I can remember spending some time in considering the differences that might occur in tyhe conduct of a persons life, when believing between the existence of God or not. Regardless of the elief, how should we conduct our lives? I concluded that we should live as though God lived. IF God is as real as the scriptures tell us, then eternity will be the greatest adventure. The way we live now willcertainly affect our opportunities in Heaven. If there is no God, then all we have is now. Just this mortal life to live one way or other. Perhaps in this case, it would be even more important to live it right. Is this life the only time we have? I don't think so. 
Thoughts can make or break a tough swim. It is certainly easier to swim when there is no excess baggage in your mind to weigh you down. Far better to have thoughts that uplift and inspire. As an experiment towards the longest swim in the world, thoughts are impportant things. We cannot afford to be bothered by the mortgage or overdraft or individuals. 

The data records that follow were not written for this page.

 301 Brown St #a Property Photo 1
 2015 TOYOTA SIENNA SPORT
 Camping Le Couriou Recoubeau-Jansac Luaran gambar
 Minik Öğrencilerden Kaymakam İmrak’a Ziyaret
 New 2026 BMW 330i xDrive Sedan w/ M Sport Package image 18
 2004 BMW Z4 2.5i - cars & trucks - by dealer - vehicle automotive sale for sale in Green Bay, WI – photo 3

Lately I have had no special thoughts, just the green brown sea filling my field of vision. Tired limbs with too many miles to go. The chart always makes the journey look short. Eight miles of sea takes a lot more effort than you realise when you want to tackle it twice a day for a month. 
Horse Sand Fort begins to slip past half a mile to my left. A ferry is steaming along the shipping lane, I reckon a collision course in ten minutes. I decide to sprint for five minutes to pass in front and then a bit more to gain some sea the other side. After giving this effort, it becomes clear the boat had changed it's bearing, a collision is now certain in five minutes, unless I stp swimming now. 
I ask Ian to radio the ferry to ensure thay have us in visual. I should not have needed to ask, he should already have made the call. Ian makes the call to P&O Pride of Hampshire and the captain informs his passengers of our presence off the starboard bow. The ferry looks rather tatty as it passes two hundred yards in front while I begin to swim. 
I swim slowly having worked too hard for those few minutes, into the wake of the ferry, no cause for concern. Time passes slowly as we head for RYde. No Mans Land Fort behind and to the left of us, we soon run out of time as the tide changes. One mile offshore. If only we had started earlier. If only we had chosen to swim the length rather than the safer route across the width. 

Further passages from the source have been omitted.